# [About this exercise]
Pictures excluded, reproduce exactly the lines below from the one with "管家婆一码一肖100准,创新策略设计_户外版CWG21.75" through the one with "I can't stop", both included.
[[ Records provided, beginning ]]
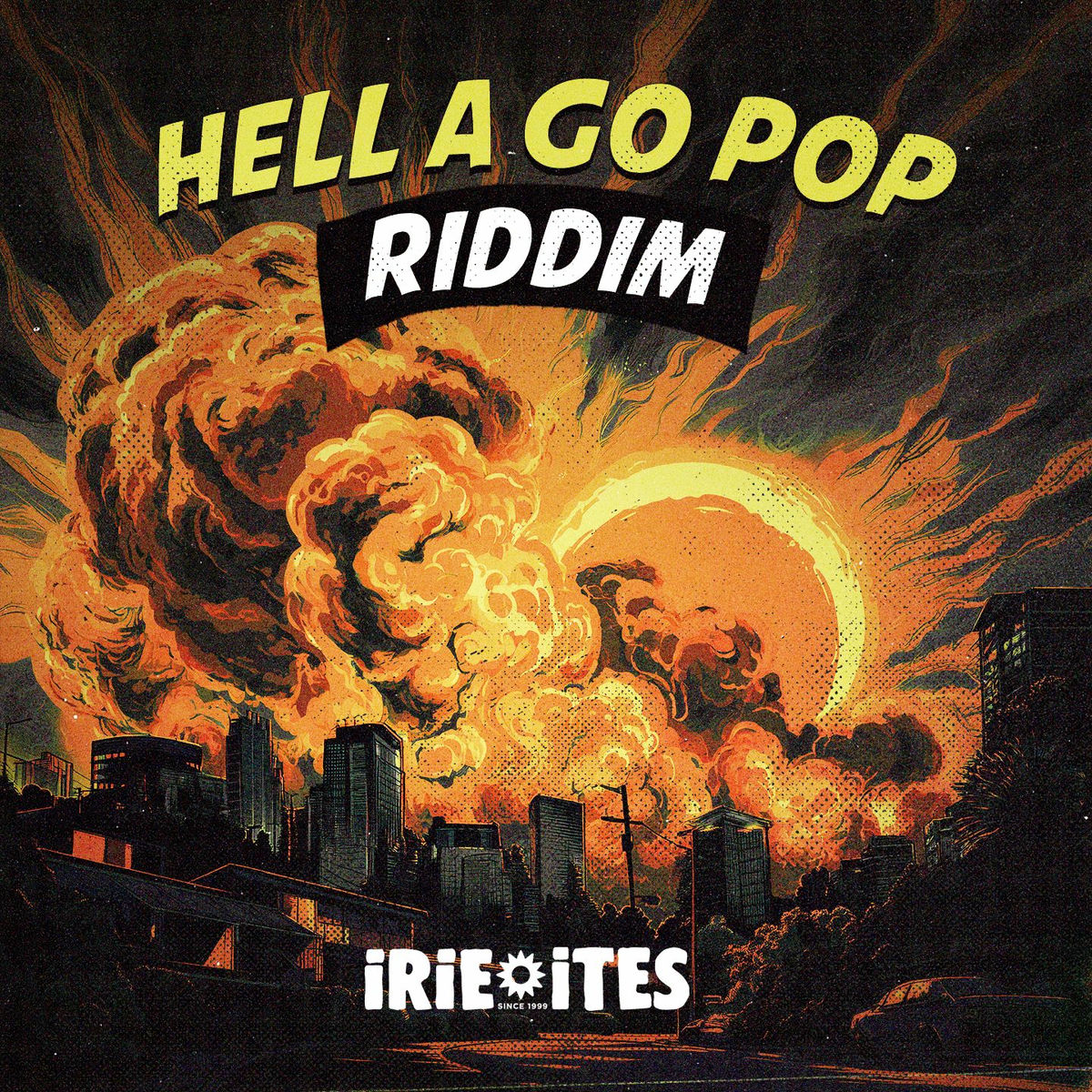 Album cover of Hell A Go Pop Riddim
[[ Records provided, end ]]
[[ Records provided, beginning ]]
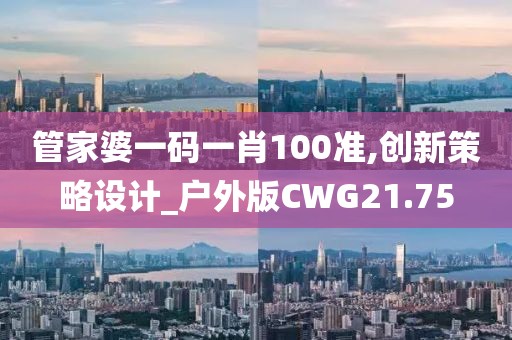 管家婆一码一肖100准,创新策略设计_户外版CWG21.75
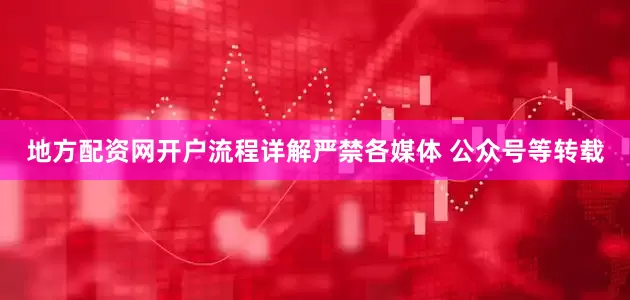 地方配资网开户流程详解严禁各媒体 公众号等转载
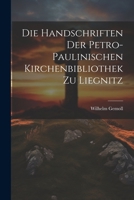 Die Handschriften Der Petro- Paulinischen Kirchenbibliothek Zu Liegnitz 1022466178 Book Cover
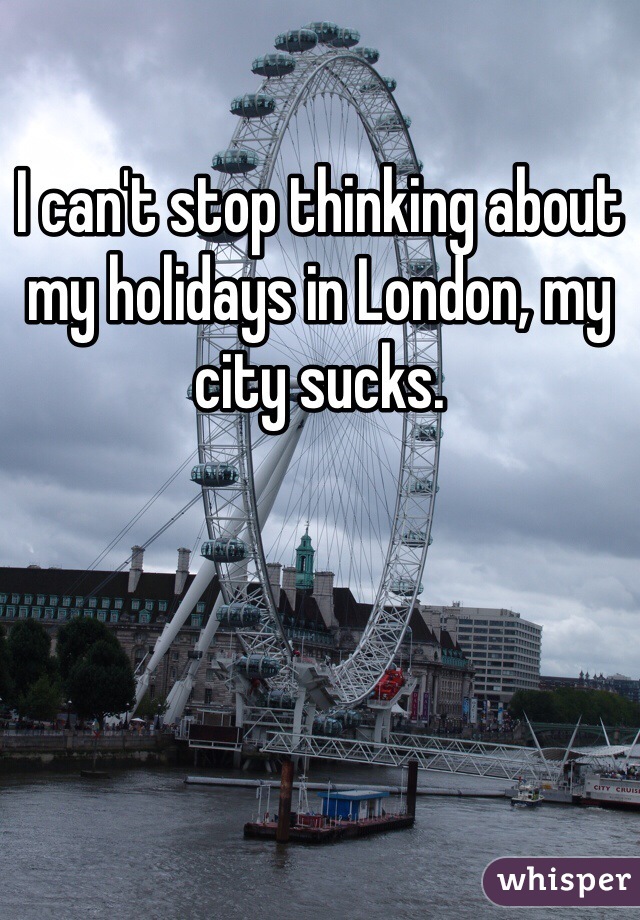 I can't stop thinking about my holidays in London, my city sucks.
[[ Records provided, end ]]
# [Problem solution]
 管家婆一码一肖100准,创新策略设计_户外版CWG21.75
 地方配资网开户流程详解严禁各媒体 公众号等转载
 Die Handschriften Der Petro- Paulinischen Kirchenbibliothek Zu Liegnitz 1022466178 Book Cover
 I can't stop thinking about my holidays in London, my city sucks.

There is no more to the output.